Come riaprire il Teatro Sociale di Voghera


In questi giorni estivi un venticello di novità ha animato la vita vogherese: la raccolta di firme per riaprire il Teatro Sociale.
Fabio Albertocchi e Giorgio Macellari in 48 ore hanno raccolto 1300 firme (tra cui la mia) di vogheresi desiderosi di riavere il proprio teatro. Il teatro venne chiuso nel 1986 e da allora tutte le Amministrazioni che si sono succedute hanno cercato di sistemare il Teatro (che è stato restaurato ma gli interventi non sono ultimati).
Carlo Barbieri (Sindaco) ha dichiarato alla Provincia Pavese:
1) che l’annosa questione con i palchettisti (i palchi del teatro sono anche di proprietà privata) è in dirittura d’arrivo;
2) che ogni energia è volta a risolvere le questioni catastali;
3) che per riaprire il teatro servono 5 mln di euro e il Comune non li ha;
4) il Comune cerca Privati con cui condividere le spese e a cui affidare l’eventuale gestione.
Come fare?
Grazie a Fabio, Giorgio e Carlo avrei elaborato una possibile soluzione.
Il teatro “La Scala” di Milano è gestito da una Fondazione.
Compito della fondazione é:
A) gestire la stagione teatrale per mezzo del direttore artistico;
B) fare “fund raising” per mantenere il teatro ai vertici mondiali.
Ricordo che in quella Fondazione siede il Gotha dell’imprenditoria e dei professionisti milanesi.
Perché non lo facciamo anche noi?
Abbiamo un Comune che ha manifestato negli anni la volontà di riavere il teatro e i vogheresi che lo richiedono a gran voce.

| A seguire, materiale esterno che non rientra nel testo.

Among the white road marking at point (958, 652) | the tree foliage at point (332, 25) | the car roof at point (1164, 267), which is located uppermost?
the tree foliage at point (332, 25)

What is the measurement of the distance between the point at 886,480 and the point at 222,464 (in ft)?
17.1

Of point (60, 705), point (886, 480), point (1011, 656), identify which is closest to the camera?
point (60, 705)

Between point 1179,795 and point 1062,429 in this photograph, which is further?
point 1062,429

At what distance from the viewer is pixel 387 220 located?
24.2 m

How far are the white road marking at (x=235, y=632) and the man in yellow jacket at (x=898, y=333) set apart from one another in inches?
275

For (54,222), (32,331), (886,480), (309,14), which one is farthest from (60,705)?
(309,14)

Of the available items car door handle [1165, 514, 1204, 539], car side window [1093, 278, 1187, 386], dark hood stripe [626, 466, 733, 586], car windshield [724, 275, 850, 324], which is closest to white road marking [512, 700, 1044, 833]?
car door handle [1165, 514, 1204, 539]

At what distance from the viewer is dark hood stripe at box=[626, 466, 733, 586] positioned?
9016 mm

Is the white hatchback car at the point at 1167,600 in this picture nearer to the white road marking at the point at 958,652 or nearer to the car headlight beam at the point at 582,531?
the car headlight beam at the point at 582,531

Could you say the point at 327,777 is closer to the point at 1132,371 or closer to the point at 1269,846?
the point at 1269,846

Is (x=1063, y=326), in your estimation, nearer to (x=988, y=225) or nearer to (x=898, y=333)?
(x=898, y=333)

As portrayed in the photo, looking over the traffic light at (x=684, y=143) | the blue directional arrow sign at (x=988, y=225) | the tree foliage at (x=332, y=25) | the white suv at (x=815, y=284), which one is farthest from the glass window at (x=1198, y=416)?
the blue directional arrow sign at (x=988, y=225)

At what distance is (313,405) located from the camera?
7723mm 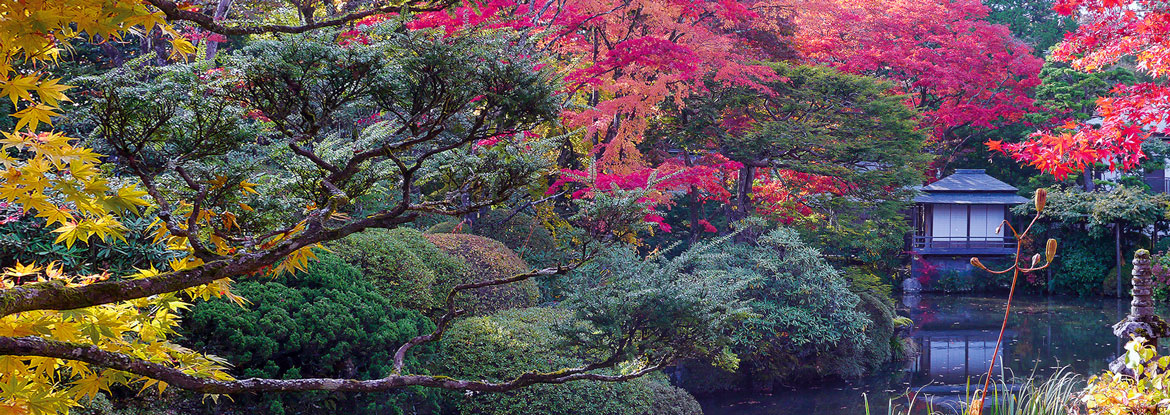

Se il Comune costituisse una Fondazione del Teatro Sociale si potrebbe dar vita ad un veicolo giuridico (e non a una Società di scopo) che:
1) consentirebbe al Comune di non perdere ne la proprietà del teatro, delegando il crowd founding  (il finanziamento collettivo di iniziative sociali, culturali o sportive) prima e la  gestione del teatro poi alla fondazione di cui avrebbe potere di indirizzo attraverso le nomine del comitato esecutivo ma non correndo il rischio imprenditoriale delle stagioni teatrali o liriche;
2) consente a tutti i vogheresi di partecipare con sottoscrizioni, donazioni e quant’altro al finanziamento della riapertura con un veicolo trasparente e i cui conti sono trasparenti e verificabili. Immaginate: se ognuno di noi 1300 firmatari donasse 100€ il patrimonio di partenza della fondazione sarebbe di 130.000€! ;
3) darebbe una struttura funzionale snella ed efficiente ad ogni Privato che volesse sfruttare la recente legge Franceschini per i finanziamenti culturali. Una società che volesse sponsorizzare una stagione dovrebbe concordare con un organismo di diritto Privato e non “Pubblico” il contratto e relativi oneri. Sponsor particolarmente munifici potrebbe avere molti membri del comitato esecutivo per controllare le modalità di investimento dei loro contributi.
Nel comitato esecutivo della fondazione dovremmo coinvolgere professionisti e imprenditori vogheresi, le associazioni di categoria, le associazioni culturali più note.
La proposta sarebbe valida anche se rimanessero i palchettisti: chiaramente anche loro sarebbero chiamati a partecipare alla vita della fondazione e e del teatro. Probabilmente sarebbe l’unica soluzione in caso di fallimento della trattativa di acquisizione.
Avrei qualche idea anche per partire subito con iniziative di crowdfunding.